Hubs, bottom brackets, headsets, pedals etc can all be fitted with lube ports. These can be as simple as drilled holes that are sealed with tape again after they have been used. Nothing on a bike which is fitted with a lube port that I have ever owned has ever worn out inside ten years, provided I have remembered to actually use it...

I've owned many different grease guns including bulk dispensers (for lubing up tractors etc), servo operated ones that run on compressed air, various manual grease guns (telescopic, pistol, lever action etc) right down to tiny tecalemit grease guns that are meant to be part of a vintage motorcycle tool kit.

In most bicycle parts with rolling element bearings a standard #2 grade grease that is suitable for car wheel bearings (eg Castrol LM) would be OK, provided it is used often enough. However if it is forced into some parts (like freehub bodies) it can cause the pawls to stick. It is of course possible to choose a grease that is considerably better for any given application; eg

- a less viscous grease (#00 or #000 even) would be best inside bicycle parts that have good seals.

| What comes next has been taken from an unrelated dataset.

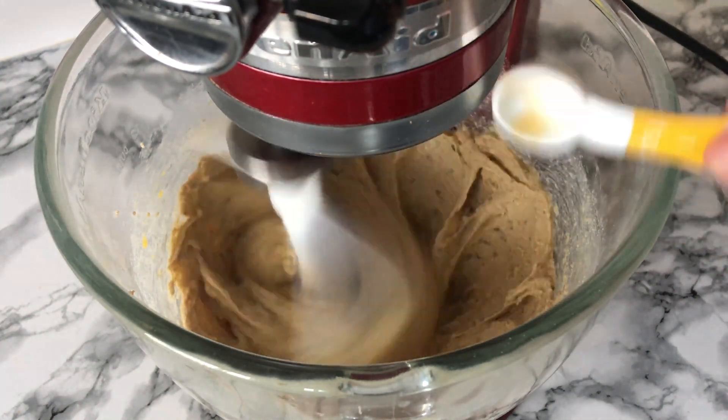Once your eggs have been fully incorporated you can then add your vanilla and just mix that to incorporate. Then give the bowl a good scraping down just to incorporate any bits that may not have been fully worked in from earlier on.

Only if it leaks out too fast is it 'too thin'.
- a grease with a more viscous, (ideally fully synthetic) base oil provides better lubrication than one with a thinner, mineral based, base oil.
- greases with EP additives provide more protection against wear
- greases with solid lubricants are good in applications with sliding element bearings (and usually it does no harm in rolling element bicycle bearings either)
- greases with corrosion inhibitors help parts which see road salt and heavy rainfall
- greases can be formulated to provide good water resistance

If you have a proper grease nipple, (commonly available with 6mm or 1/4" threads in car spares shops) you usually need a high pressure grease gun with a jawed chuck (or less good, a press-fit end) to force grease into it. If you have a drilled part, a grease gun with a pointed nozzle will do the job. A very high pressure is not usually required, but it will normally do no harm if the grease gun has that capability.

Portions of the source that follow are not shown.